Skala pola asuh otoriter setelah dilakukan penghitungan rumus Aiken

maka 40 aitem yang valid. Sedangkan untuk skala keterampilan sosial anak

setelak dilakukan penghitungan Aiken diperoleh 24 aitem yang valid.

3. HASIL DAN PEMBAHASAN

Berdasarkan hasil analisis data diketahui ada hubungan negatif yang signifikan

antara pola asuh otoriter dengan keterampilan sosial anak dengan nilai koefisien

korelasi (rxy) = -0,623; p = 0,000 (p<0,01) artinya ada hubungan negatif yang

signifikan antara pola asuh otoriter dengan keterampilan sosial anak. Semakin

tinggi pola asuh otoriter maka semakin rendah keterampilan sosial anak, dan

sebaliknya semakin rendah pola asuh otoriter maka semakin tinggi pula

keterampilan sosial anak. Jadi hipotesis yang peneliti ajukan diterima.

Hal tersebut sesuai dengan pendapat Talts dkk (2017) keterampilan sosial

anak dapat terbentuk tergantung bagaimana lingkungan sosialnya

mensosialisasikannya. Didalam lingkungan sosialnya keluarga berperan melalui

pengasuhannya. Diperkuat dengan teori Bandura tentang social learning theory

bahwa perilaku dibentuk dan berubah melalui situasi sosial, melalui interaksi

sosial dengan orang lain. Dalam proses pembentukannya anak akan belajar dari

hasil mengamati atau mengindentifikasi lingkungan sosialnya, (Walgito, 2010).
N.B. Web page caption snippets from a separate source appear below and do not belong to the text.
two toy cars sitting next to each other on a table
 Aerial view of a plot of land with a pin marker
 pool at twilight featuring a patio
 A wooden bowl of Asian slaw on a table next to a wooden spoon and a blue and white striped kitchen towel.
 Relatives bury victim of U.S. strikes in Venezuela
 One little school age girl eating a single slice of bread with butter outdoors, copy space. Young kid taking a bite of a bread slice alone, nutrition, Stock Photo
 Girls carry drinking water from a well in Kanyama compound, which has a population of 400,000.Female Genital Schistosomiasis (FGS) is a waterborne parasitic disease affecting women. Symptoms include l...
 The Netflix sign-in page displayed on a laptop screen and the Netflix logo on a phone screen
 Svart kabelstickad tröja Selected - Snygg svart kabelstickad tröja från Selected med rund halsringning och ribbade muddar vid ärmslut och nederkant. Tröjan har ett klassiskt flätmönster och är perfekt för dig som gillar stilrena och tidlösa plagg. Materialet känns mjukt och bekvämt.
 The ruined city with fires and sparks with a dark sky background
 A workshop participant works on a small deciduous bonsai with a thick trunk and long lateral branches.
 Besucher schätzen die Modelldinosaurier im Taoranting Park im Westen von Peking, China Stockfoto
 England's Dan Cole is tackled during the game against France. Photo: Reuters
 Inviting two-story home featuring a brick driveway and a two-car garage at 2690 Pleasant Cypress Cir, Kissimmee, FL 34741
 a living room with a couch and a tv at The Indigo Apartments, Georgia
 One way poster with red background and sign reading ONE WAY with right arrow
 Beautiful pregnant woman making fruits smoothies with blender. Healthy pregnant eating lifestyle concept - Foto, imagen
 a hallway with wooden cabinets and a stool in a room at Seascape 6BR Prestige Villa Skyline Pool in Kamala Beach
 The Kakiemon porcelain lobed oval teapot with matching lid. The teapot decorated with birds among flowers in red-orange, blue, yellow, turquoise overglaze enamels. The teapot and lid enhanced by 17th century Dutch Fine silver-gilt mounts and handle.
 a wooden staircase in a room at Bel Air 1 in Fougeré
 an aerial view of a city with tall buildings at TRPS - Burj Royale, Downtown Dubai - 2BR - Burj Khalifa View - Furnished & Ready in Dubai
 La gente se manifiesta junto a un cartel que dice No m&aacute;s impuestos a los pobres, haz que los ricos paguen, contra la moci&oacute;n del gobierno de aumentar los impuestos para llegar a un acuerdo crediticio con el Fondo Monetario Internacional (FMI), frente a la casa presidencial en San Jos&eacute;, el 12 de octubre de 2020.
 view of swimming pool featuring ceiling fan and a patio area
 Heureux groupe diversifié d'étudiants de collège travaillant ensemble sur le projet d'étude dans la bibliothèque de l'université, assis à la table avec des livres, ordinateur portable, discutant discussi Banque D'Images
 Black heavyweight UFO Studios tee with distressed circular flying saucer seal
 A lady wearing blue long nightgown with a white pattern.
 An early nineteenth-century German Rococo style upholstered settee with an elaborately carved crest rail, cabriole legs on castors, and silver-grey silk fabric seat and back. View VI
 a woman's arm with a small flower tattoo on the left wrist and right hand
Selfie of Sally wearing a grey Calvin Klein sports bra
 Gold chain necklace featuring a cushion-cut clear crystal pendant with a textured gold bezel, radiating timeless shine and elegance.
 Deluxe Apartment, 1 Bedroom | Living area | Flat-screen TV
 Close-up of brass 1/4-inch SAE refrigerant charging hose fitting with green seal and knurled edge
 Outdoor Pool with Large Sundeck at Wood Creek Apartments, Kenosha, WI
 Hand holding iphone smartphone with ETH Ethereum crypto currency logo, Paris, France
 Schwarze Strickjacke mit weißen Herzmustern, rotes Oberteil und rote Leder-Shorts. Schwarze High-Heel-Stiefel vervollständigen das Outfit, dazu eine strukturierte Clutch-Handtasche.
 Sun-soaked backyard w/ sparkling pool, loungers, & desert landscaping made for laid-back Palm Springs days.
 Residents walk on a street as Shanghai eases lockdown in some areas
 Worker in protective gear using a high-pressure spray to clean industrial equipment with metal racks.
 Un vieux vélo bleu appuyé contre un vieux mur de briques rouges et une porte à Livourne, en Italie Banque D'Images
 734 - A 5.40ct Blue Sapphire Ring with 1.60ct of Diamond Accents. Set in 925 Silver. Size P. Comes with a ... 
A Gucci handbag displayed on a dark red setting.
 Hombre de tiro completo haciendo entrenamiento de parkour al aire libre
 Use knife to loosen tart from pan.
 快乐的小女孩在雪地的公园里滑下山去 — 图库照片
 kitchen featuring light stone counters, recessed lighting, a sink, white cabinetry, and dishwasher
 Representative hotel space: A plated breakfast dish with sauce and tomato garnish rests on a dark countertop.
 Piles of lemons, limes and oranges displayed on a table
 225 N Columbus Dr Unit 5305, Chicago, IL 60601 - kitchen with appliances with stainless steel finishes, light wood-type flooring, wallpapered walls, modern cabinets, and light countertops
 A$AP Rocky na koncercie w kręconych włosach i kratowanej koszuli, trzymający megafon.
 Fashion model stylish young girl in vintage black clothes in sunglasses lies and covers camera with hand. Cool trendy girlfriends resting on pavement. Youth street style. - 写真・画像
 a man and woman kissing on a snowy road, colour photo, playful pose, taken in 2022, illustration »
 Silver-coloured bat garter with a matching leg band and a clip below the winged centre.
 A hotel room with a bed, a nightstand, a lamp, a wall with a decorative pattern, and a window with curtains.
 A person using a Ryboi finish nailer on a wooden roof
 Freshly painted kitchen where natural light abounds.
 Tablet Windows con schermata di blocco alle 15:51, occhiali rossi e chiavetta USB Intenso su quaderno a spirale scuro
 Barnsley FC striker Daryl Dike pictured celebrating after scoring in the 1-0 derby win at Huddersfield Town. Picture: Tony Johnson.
Sama halnya yang disampaikan oleh Megawardani dkk (2016) dari hasil

penelitiannya yang menunjukkan bahwa penerapan teknik modeling dapat

meningkatkan keterampilan sosial anak.

6

Penelitian lain yang mendukung bahwa ada hubungan antara pola asuh

otoriter dengan keterampilan sosial adalah penelitian yang dilakukan oleh Rozali

(2016) dengan subjek remaja yang menunjukkan bahwa remaja yang dibesarkan

dengan pola asuh otoriter cenderung memiliki keterampilan sosial yang rendah

dan juga mereka akan tumbuh menjadi anak yang penakut, tidak percaya diri,

tidak mandiri, kurang tampil bersosialisasi, penuh dengan konflik dan kurang

memiliki rasa ingin tahu.

Pengujian normalitas menggunakan uji Kolmogorov-Smirnov dengan hasil

nilai untuk keterampilan sosial anak sebesar 1,547 dengan p = 0,017 (p>0,05),

yang berarti data berdistribusi tidak normal, sedangkan pola asuh otoriter uji

Kolmogorov-Smirnov memperoleh nilai sebesar 1,123 dengan p = 0,161 (p>0,05),

yang berarti data berdistribusi normal. Uji linieritas hubungan antara variabel pola

asuh otoriter dengan variabel keterampilan sosial anak mempunyai korelasi linier

ditunjukkan nilai F sebesar 1,177 dengan p = 0,322 (p>0,05).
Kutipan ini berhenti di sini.